About this task: Return exactly the span of lines in the following data that opens with the line containing "kitchen in Apartmány Dreams" and closes with the line containing "BlizzCon 2011 girl costume". Include nothing else.
============
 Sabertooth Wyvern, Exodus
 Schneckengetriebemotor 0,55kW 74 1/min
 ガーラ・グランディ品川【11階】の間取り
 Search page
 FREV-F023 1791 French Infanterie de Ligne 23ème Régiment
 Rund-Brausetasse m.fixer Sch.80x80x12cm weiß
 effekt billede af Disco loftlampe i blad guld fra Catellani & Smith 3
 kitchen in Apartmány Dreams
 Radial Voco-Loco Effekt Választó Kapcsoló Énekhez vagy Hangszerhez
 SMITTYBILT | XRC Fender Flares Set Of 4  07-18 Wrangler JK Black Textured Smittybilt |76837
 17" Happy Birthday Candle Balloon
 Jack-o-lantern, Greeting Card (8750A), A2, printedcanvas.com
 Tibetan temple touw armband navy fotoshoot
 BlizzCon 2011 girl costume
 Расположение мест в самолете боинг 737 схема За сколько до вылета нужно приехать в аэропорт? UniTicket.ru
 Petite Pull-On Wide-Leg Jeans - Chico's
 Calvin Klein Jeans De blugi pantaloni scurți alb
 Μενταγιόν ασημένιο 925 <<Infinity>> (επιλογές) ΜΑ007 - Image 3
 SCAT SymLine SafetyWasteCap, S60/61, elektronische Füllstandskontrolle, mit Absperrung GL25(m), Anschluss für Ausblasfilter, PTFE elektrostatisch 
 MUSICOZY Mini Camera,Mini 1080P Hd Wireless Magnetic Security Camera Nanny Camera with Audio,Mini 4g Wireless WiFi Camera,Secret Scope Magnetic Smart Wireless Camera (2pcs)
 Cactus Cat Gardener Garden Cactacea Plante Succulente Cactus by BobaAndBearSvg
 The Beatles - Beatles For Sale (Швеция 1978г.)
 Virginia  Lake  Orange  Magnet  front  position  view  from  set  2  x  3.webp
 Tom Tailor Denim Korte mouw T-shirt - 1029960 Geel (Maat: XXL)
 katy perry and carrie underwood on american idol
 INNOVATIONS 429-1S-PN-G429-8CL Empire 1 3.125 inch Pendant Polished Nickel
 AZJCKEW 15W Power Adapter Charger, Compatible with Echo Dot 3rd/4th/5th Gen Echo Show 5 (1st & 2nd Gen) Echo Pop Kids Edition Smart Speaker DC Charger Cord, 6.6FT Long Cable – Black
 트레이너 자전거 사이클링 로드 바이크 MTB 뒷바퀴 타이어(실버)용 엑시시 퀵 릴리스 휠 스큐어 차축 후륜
============
Solution to the exercise:
 kitchen in Apartmány Dreams
 Radial Voco-Loco Effekt Választó Kapcsoló Énekhez vagy Hangszerhez
 SMITTYBILT | XRC Fender Flares Set Of 4  07-18 Wrangler JK Black Textured Smittybilt |76837
 17" Happy Birthday Candle Balloon
 Jack-o-lantern, Greeting Card (8750A), A2, printedcanvas.com
 Tibetan temple touw armband navy fotoshoot
 BlizzCon 2011 girl costume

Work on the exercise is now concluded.